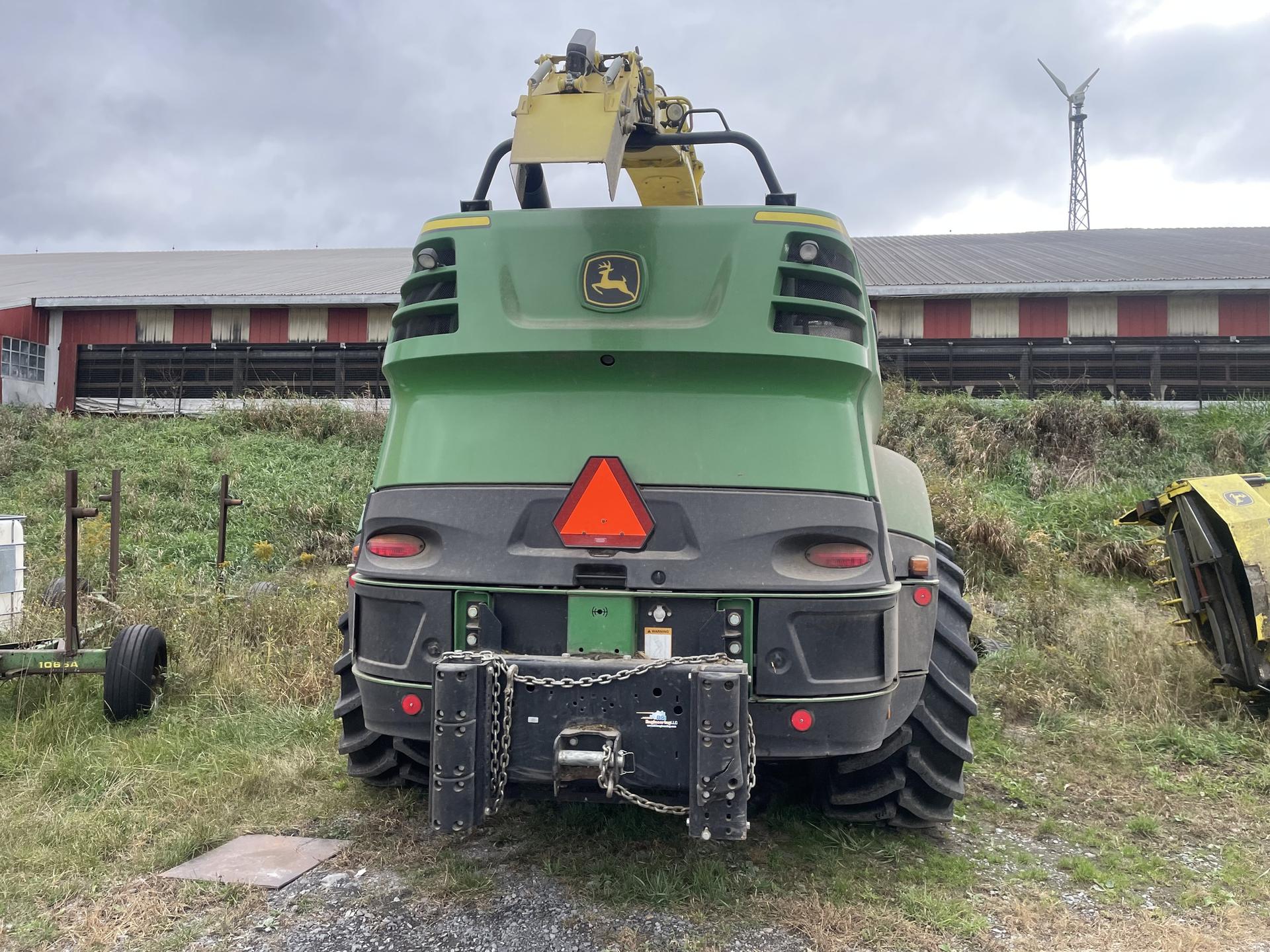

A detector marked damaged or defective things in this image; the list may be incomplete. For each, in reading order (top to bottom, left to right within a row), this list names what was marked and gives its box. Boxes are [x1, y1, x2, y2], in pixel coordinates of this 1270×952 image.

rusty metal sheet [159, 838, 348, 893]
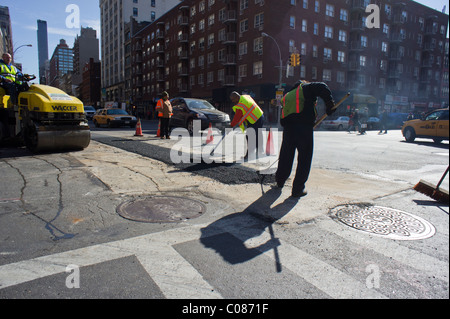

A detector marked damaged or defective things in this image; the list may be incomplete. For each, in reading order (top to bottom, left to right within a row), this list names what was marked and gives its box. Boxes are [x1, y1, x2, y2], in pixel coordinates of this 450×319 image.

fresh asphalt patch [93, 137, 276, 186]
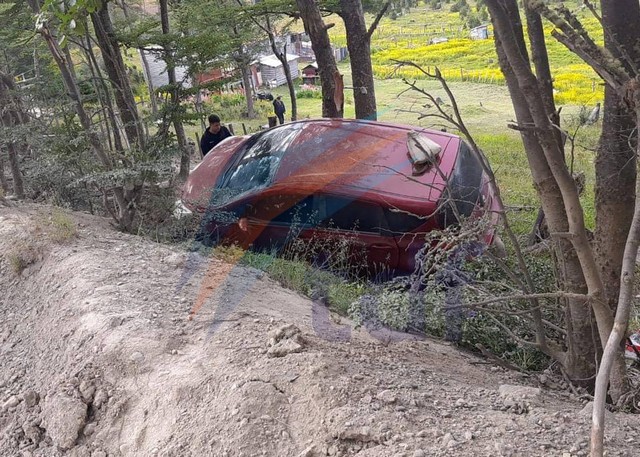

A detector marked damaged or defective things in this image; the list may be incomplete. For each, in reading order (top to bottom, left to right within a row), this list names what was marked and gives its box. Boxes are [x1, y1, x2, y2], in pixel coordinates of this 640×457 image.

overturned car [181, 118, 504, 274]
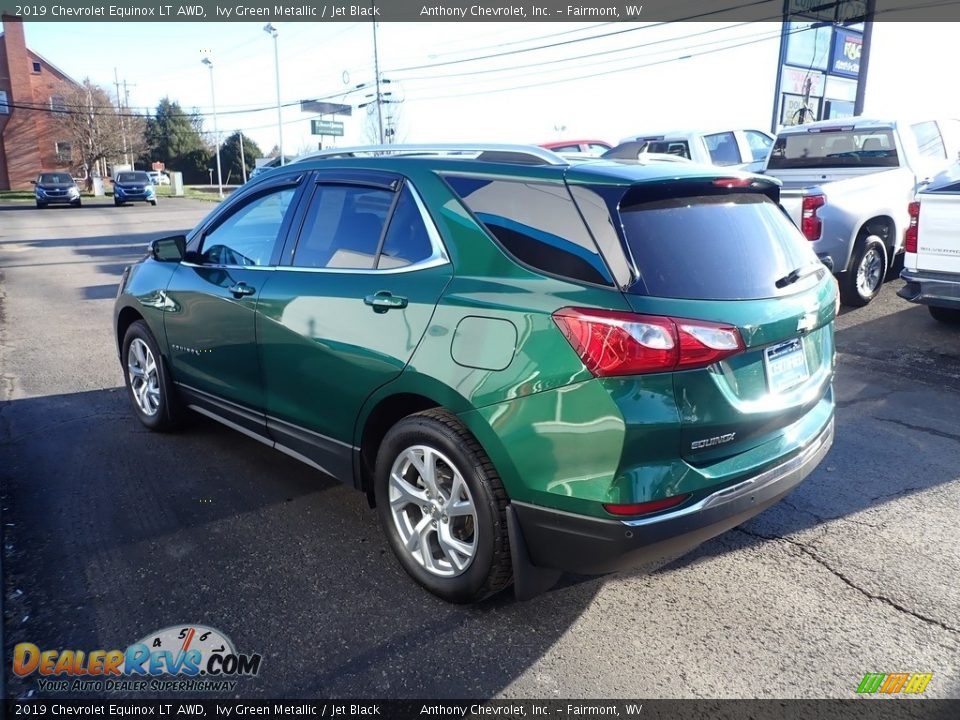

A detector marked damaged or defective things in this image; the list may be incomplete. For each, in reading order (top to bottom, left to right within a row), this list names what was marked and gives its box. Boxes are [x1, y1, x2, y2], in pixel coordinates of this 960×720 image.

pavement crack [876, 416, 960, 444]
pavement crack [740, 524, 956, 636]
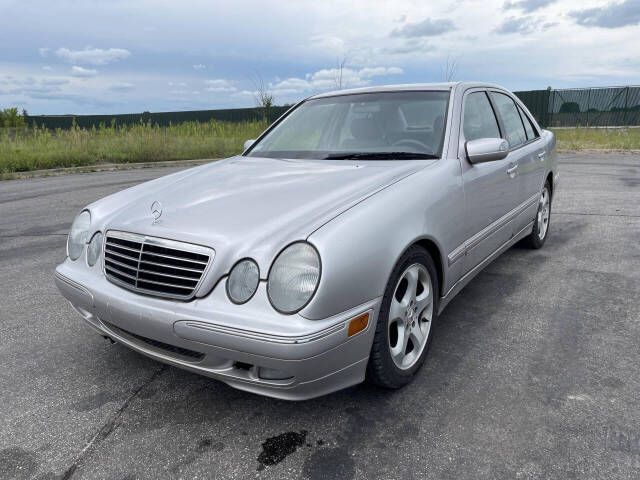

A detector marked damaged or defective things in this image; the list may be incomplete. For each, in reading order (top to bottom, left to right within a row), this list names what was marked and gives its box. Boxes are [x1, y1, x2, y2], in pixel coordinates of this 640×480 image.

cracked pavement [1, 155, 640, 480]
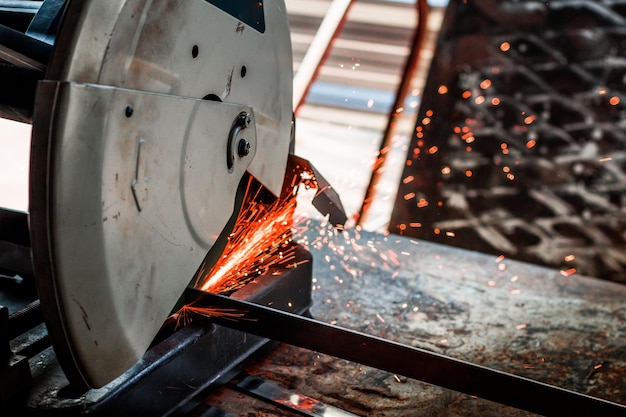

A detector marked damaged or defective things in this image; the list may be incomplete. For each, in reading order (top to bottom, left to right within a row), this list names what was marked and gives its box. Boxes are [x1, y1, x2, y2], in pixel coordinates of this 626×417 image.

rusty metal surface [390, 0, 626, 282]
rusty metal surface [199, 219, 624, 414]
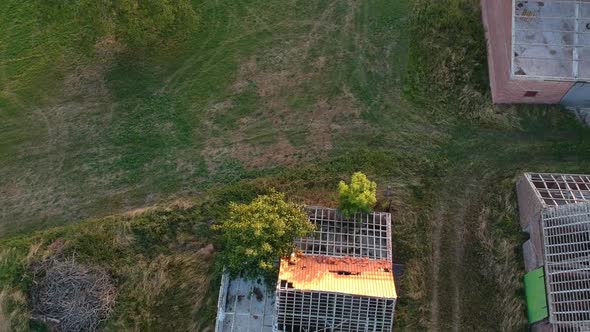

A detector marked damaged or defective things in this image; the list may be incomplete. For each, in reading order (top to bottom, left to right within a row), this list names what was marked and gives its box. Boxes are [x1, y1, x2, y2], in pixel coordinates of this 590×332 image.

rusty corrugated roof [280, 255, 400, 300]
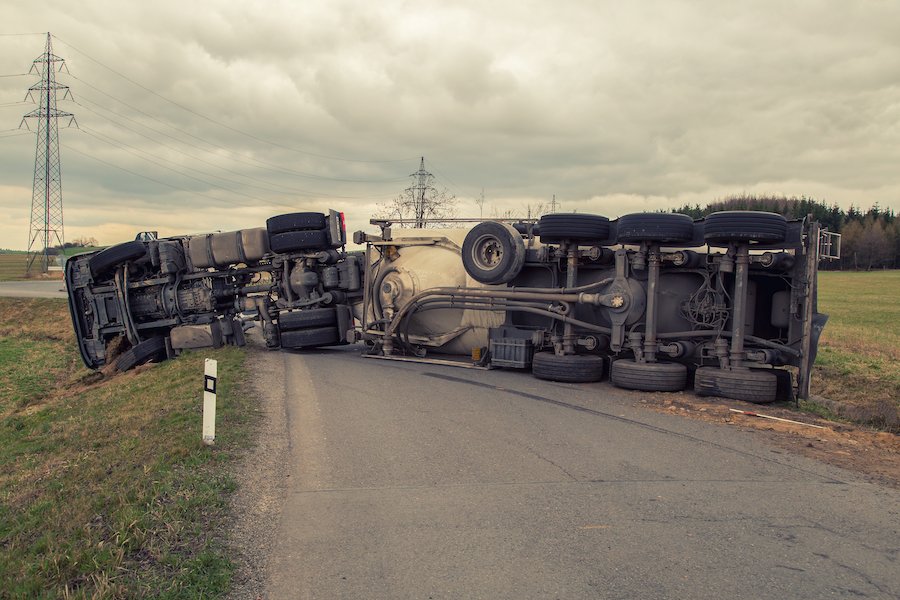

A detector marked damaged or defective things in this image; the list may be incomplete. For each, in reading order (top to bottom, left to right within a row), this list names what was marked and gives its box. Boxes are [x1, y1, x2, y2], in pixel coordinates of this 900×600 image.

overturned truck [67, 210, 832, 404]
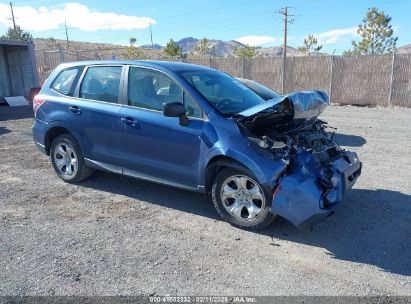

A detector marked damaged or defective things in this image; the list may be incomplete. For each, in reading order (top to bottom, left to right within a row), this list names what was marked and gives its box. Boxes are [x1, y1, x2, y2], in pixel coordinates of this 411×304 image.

PROBLEM :: Although the records contain pictures, only the text should be copied, exactly as it stands.

SOLUTION ::
A detector marked damaged or defective things in this image; the list may be incomplete. For each, in reading order (top to bottom, left to right within a row), this list names what was marked and gives its box. Boxes are [x1, y1, x2, y2], in pixel coordinates of this 1270×952 image.

rusty metal sheet [159, 838, 348, 893]

A detector marked damaged or defective things in this image; the list may be incomplete. For each, in reading order (top to bottom, left to right within a row), this list names what was marked and gives its box. Boxes are [x1, y1, x2, y2], in pixel coordinates of this 450×319 image.

fresh asphalt patch [93, 137, 276, 186]

A detector marked damaged or defective things in this image; the list may be incomplete. For each, in reading order (top to bottom, left to right within a row), this list names what was marked and gives its box. Boxes are [x1, y1, x2, y2], in pixel coordinates of this 640×457 image.

overturned car [181, 118, 504, 274]

A detector marked damaged or defective things in this image; the list may be incomplete. For each, in reading order (top to bottom, left to right within a row), this list names what was marked and gives its box. Boxes are [x1, y1, x2, y2], in pixel coordinates of this 960×720 image.

pavement crack [876, 416, 960, 444]
pavement crack [740, 524, 956, 636]

A detector marked damaged or defective things in this image; the list may be incomplete. For each, in reading order (top to bottom, left to right within a row), this list names what was marked and gives its box. Boxes are [x1, y1, x2, y2], in pixel coordinates of this 640×480 image.

cracked pavement [1, 155, 640, 480]

A detector marked damaged or defective things in this image; the list may be incomplete. For each, in reading order (top to bottom, left to right within a row), this list names what was marked and gives its box. Boxes are [x1, y1, x2, y2], in pixel coordinates of this 626×417 image.

rusty metal surface [390, 0, 626, 282]
rusty metal surface [199, 219, 624, 414]

A detector marked damaged or defective things in this image; the list may be incomplete. For each, in reading order (top to bottom, left to right within a row), this list names what was marked and gives its box. Boxes are [x1, y1, x2, y2], in pixel coordinates of this 590×332 image.

rusty corrugated roof [280, 255, 400, 300]

A detector marked damaged or defective things in this image; the list may be incomplete. For each, in reading order (top to bottom, left to right within a row), this list names what was marked and gives its box. Boxes are [x1, y1, x2, y2], in pixel coordinates of this 900×600 image.

overturned truck [67, 210, 832, 404]

A detector marked damaged or defective things in this image; the list may be incomplete. For each, in reading order (top to bottom, left to right within a row), this list names what was marked and gives its box. Boxes are [x1, y1, x2, y2], in pixel coordinates of this 411×304 image.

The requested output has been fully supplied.